Input section start

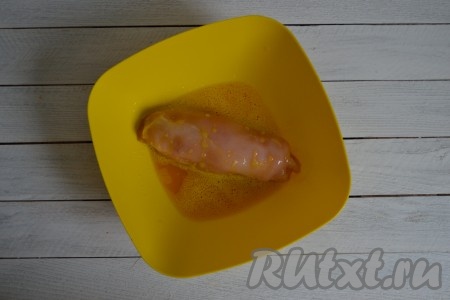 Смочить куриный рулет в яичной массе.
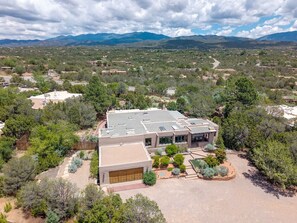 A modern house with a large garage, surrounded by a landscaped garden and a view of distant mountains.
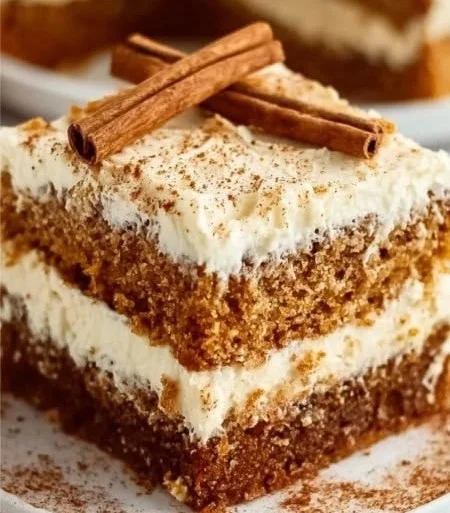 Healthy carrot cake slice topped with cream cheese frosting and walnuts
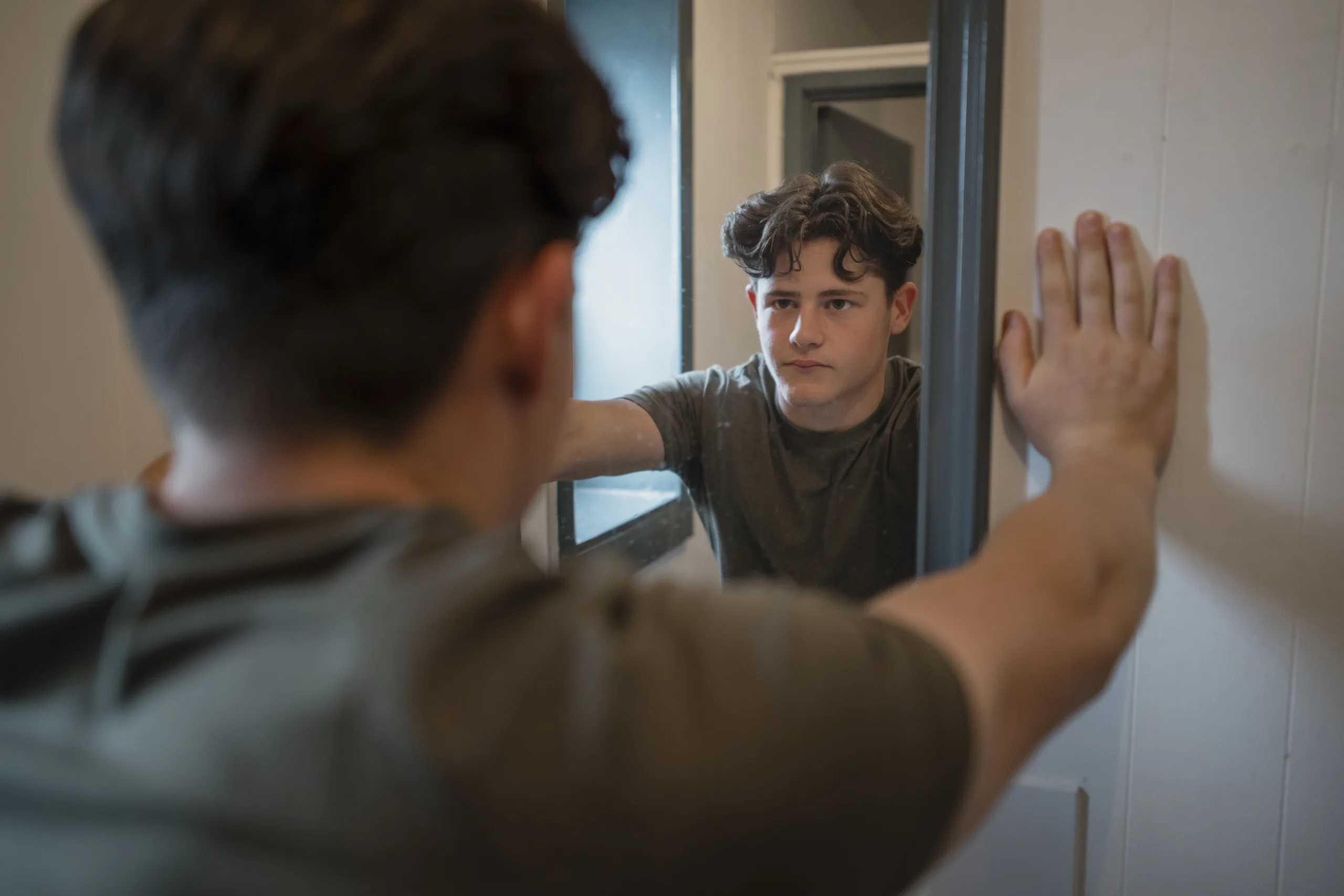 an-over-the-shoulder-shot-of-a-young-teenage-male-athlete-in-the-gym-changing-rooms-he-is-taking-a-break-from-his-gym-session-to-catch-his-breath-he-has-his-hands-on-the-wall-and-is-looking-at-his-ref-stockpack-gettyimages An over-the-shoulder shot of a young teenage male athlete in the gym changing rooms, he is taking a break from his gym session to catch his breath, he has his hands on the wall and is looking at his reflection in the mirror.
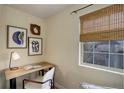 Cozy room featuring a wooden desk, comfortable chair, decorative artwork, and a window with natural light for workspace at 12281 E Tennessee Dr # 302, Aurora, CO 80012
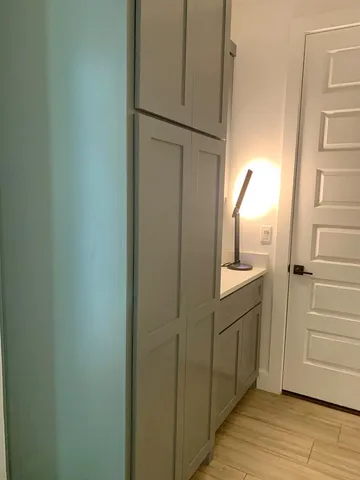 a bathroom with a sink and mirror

Input section end

■ Exercise details: Your task is to return the lines above, from the first one up to and including the line containing "Healthy carrot cake", minus any pictures.

■ Exercise output:
 Смочить куриный рулет в яичной массе.
 A modern house with a large garage, surrounded by a landscaped garden and a view of distant mountains.
 Healthy carrot cake slice topped with cream cheese frosting and walnuts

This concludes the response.